This came out of some thoughts at work.

TL;DR defense in depth is good, it’s possible but not unavoidable to have large-scale performance problems if you use uuid as your primary key, UUIDs can in some situations be a solution for having to generate IDs in multiple locations, including the client and sharded databases, and I don’t think it’s worth it to use UUIDs instead of incrementing integers in API URLs (unless you’re a financial company I guess) because the only real win is that it’s harder for someone who’s gotten past your auth system to increment over your objects by ID, and that’s not worth the extra code complexity for many non-financial teams.

What is a UUID?

It is an identifier which is intended to be unique and uniquely identify some piece of data.

It looks like this: 0d8fbb59-b280-45d8-ad88-dbfe88bd0bf1 (this is a version 4 id; for more info about uuds, see RFC-4122)

You can get a random UUID here: https://www.uuidgenerator.net/

In java, you can generate one via:

 UUID.randomUUID()  

What is an (incrementing) ID?

In this context, an Id is a unique incrementing integer assigned to a row in a database. It is usually but not always also the primary key of that database table.

create table cats (
    id bigint primary key,
    uuid varchar(50),
    favorite_mouse varchar(2083)
);

[TODO] show howto autoincrement an ID in sql, mention that JPA does it.

Similarities

UUIDs and IDs are both unique identifiers.

Differences

UUIDs are hard to guess and hard to remember. They cannot be iterated over. Numberic IDs, even if they do not denote order of object creation (which by default they do) can be iterated over.

Do you want UUID, ID, or both?

We at least want UUIDs. Probably we want both, because:

  1. ID is great for app-internal use, to index on. Since they are incrementing integers, you even know which object was created first. (Unless you are sharding the database, in which case you can use composite IDs)
  2. UUID is great for external use.

Why do we not want to use an incrementing integer as an external identifer?

If I know that my record (revealed in the API URL as http://example.com/api/foo/123) then I know that, if my Cat object was just created, then there are only 122 other Cat objects in this application’s database. Also, if I can find a way to have access to other people’s Cat objects, it is trivial to increment

Using UUIDs help you practice defense in depth in two ways:

  1. Don’t reveal information that you do not want to reveal about your business and app (how many objects exist)
  2. Risk mitigation of URL tampering, i.e. make it more difficult for attackers who have somehow managed to get access to objects (in this case Cats) which they should not have access to. Because UUIDs cannot be iterated over and are hard to guess, an attacker will not have an easy time discovering how many objects are available through your API, or guessing what identifier can access any objects.
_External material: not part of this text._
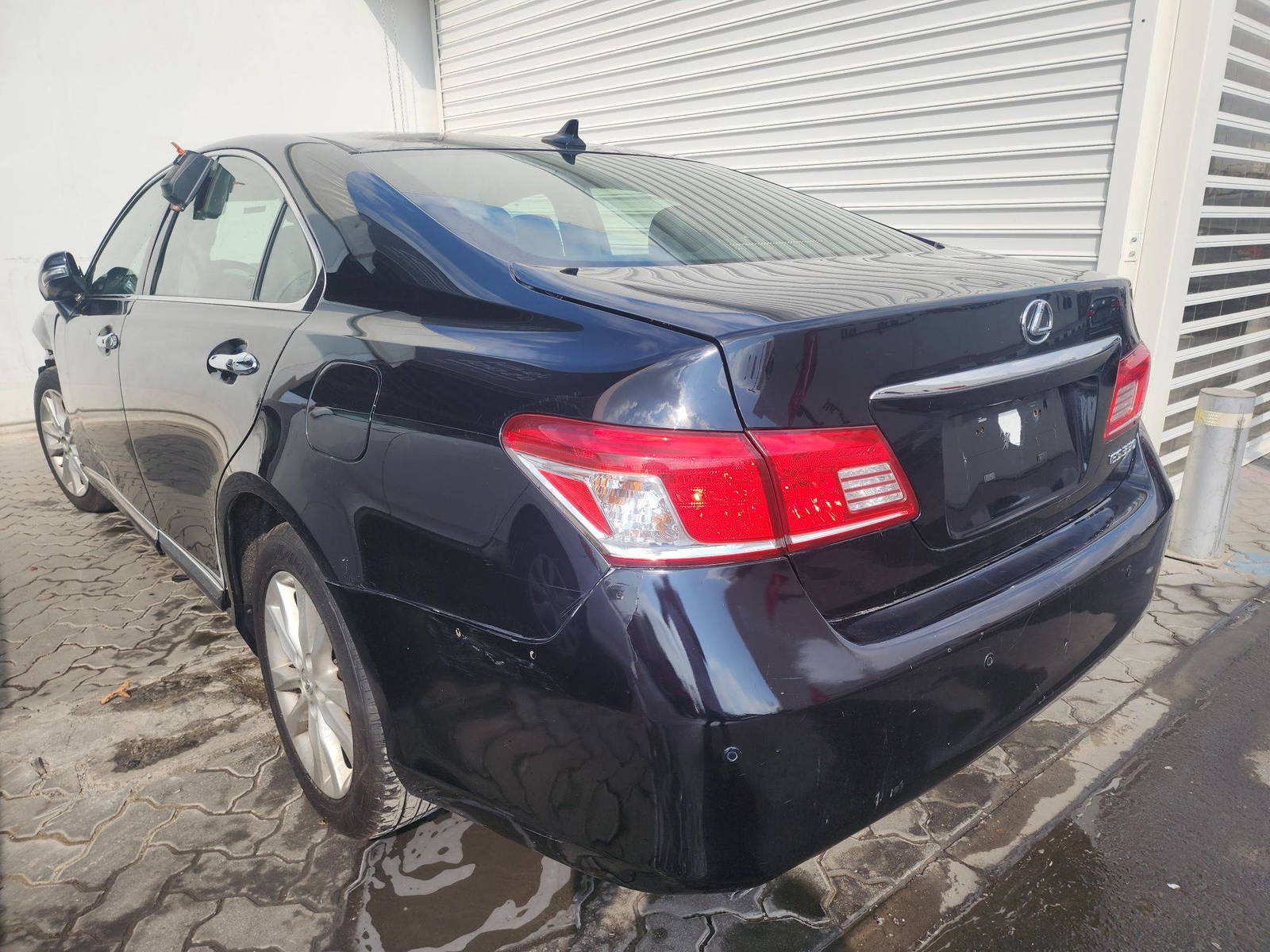 2011 LEXUS ES 350 — 208330 Miles — Lot 72607283 - Marhaba Auctions Used Cars - Image 12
Also, you remove temptation from your API consumers. Using an autoincrement integer implicitly encodes additional information in the key beyond identity, namely some sort of natural ordering by create time. ANy information that you reveal might be used by a consumer of the service. For example, to do sorting on records by create time (via tine incrementing ID)

When it comes to sharding databases, UUIDs are a cheap way to get away from id collisions between shards, rather than using a compound Incremental ids are usually only unique within one instance of database.

Performance

If you’re using a clustered index since the non-sequential nature of GUIDs/UUIDs adds a lot of overhead on inserts, but Postgres indices are unclustered by default so unless you are explicitly clustering on the PK that shouldn’t much of a problem. Postgres also has a UUID datatype, which means you’re (hopefully) not storing them as a VARCHAR(32).

When in doubt, performance test!

Risks of using UUIDs

  1. Adding complication to the codebase, for reasons which may not be obvious to later developers.
  2. Increasing DB file size in databases which do not have a native UUID type, like SQL Server.